This chain looks clear, but each step hides complex problems: statistical stability, identity consistency, cluster interpretability, threshold setting, governance boundaries, semantic compression—instability in any link will cause the mainline to drift.
The reason to do multiple reference counting and association clustering is not for a formal “data-driven” posture, but to return to a plain and harsh principle—counting what you say is not as good as counting what you do.
In high-frequency development mode, with hundreds of queries per day, dense note-taking, continuous decisions, your true cognitive center of gravity will not show up in declarations, but in repeatedly invoked fragments.
The body is honest, the path is honest, and repeatedly cited structures almost inevitably carry real utility.
A structure that is triggered many times, invoked across scenarios, and continuously reappears cannot be just accidental noise.
Therefore, the true purpose of promotion is not upgrading documents, but extracting a cognitive mainline from behavioral residuals.
Multiple references are gravity, clustering is the path shape, proposals are institutional candidates, Gate is rational calibration, and AI is only the final language compressor.
There is only one core motivation: in the flood of countless micro-decisions, extract your road’s mainline, letting it condense from fragmented actions into a schedulable, auditable, inheritable structure.
This is the original idea, and it is the fundamental reason this whole system exists.
Where Are the Difficult Parts?
The real difficulty is not “process design,” but that when you try to turn high-entropy human language into traceable, computable, auditable structural units, all the implied instability will be exposed.
First is the positioning problem.
Human text is naturally messy, with no stable boundaries and no native IDs.
When you write notes in Sovereign_Log, you cannot possibly number every point manually while thinking.
Even if you force numbering, does the number belong to a paragraph, a sentence, a clause, or some cross-paragraph logical unit?
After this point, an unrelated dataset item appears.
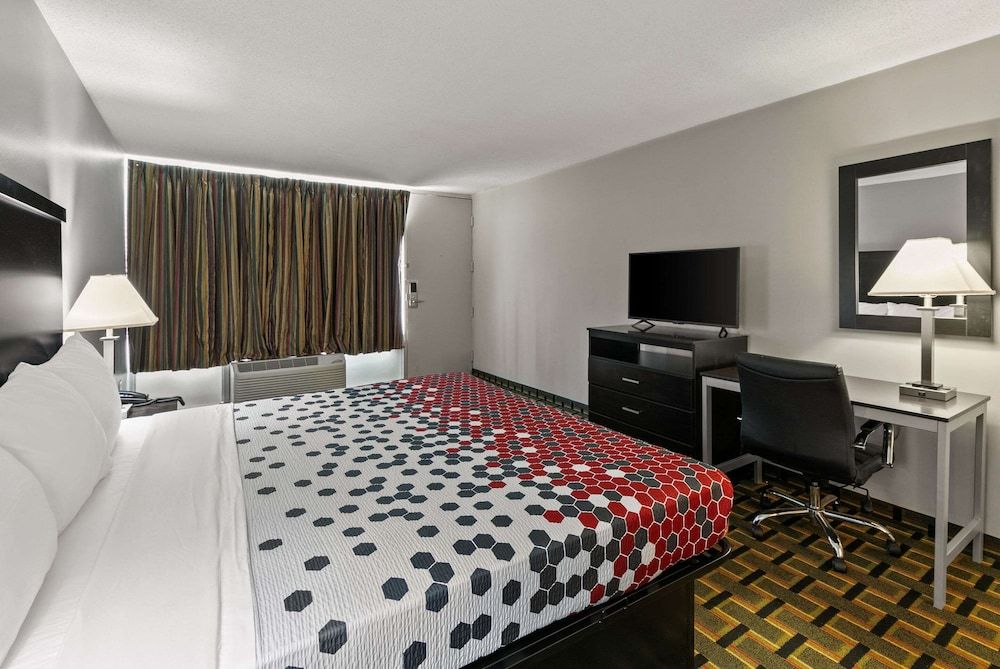 Econo Lodge Standard Room, 1 King Bed, Non Smoking 4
Use the first half of a sentence as an anchor? Or the second half?
Rely on machine chunking?
Is the machine sentence-splitting algorithm stable?
If you add a paragraph earlier in a revision, all subsequent paragraph positions shift.
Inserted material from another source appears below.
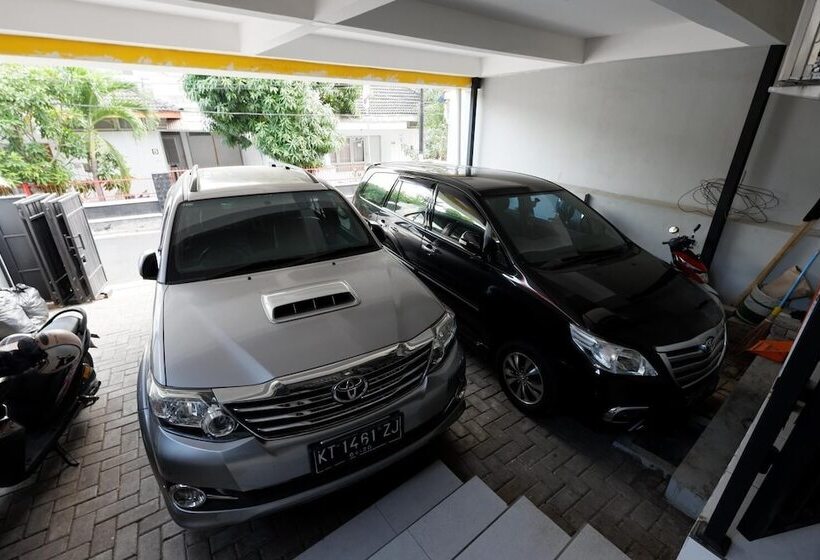 펜션 Reddoorz Near Plaza Simpang Lima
How do you choose granularity?
Too coarse, multiple points get mixed together; too fine, semantics get shredded.
What you face is not an “index problem,” but a “semantic identity problem”—in a natural-language world without native IDs, how do you give an idea a stable identity that won’t drift with formatting edits?
If this step is unstable, all later reference counting and clustering analysis becomes a building on sand.
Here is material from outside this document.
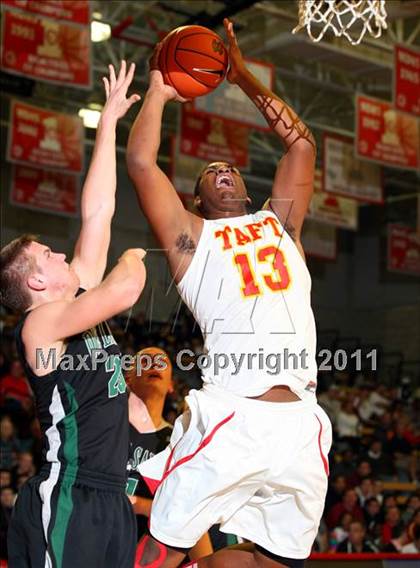 Thumbnail 2 in De La Salle vs. Taft (Nike Extravaganza) photogallery.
Second is the association clustering problem.
You counted references, but that is only the strength of a “point.”
Clustering means deciding which points form a path.
But what is the standard?
Co-occurrence count?
Temporal proximity?
Cross-project reuse frequency?
Semantic similarity?
If you rely on embedding similarity, that is semantic approximation, not invocation behavior; if you rely on join-key co-occurrence, that may be just accidental adjacency.
What exactly are you clustering?
Concepts?
Argument patterns?
Decision templates?
If you don’t have a clear clustering target, the algorithm will only give you a mathematical structure, not a cognitive structure.
The difficulty of clustering is not algorithmic complexity, but whether “the type of structure you want to recognize” is clearly defined.
Further down is the model intervention position.
Fully hard-coding definitely won’t work.
You can count, rank, score, but if the generated proposal is all JSON concatenation, lacking language coherence and semantic compression ability, it simply cannot enter the docs layer as institutional text.
So should you use a model?
Of course.
But where?
If the model intervenes too early—for example, participating in chunking, identity determination, or deciding whether a reference is valid—it will contaminate auditability.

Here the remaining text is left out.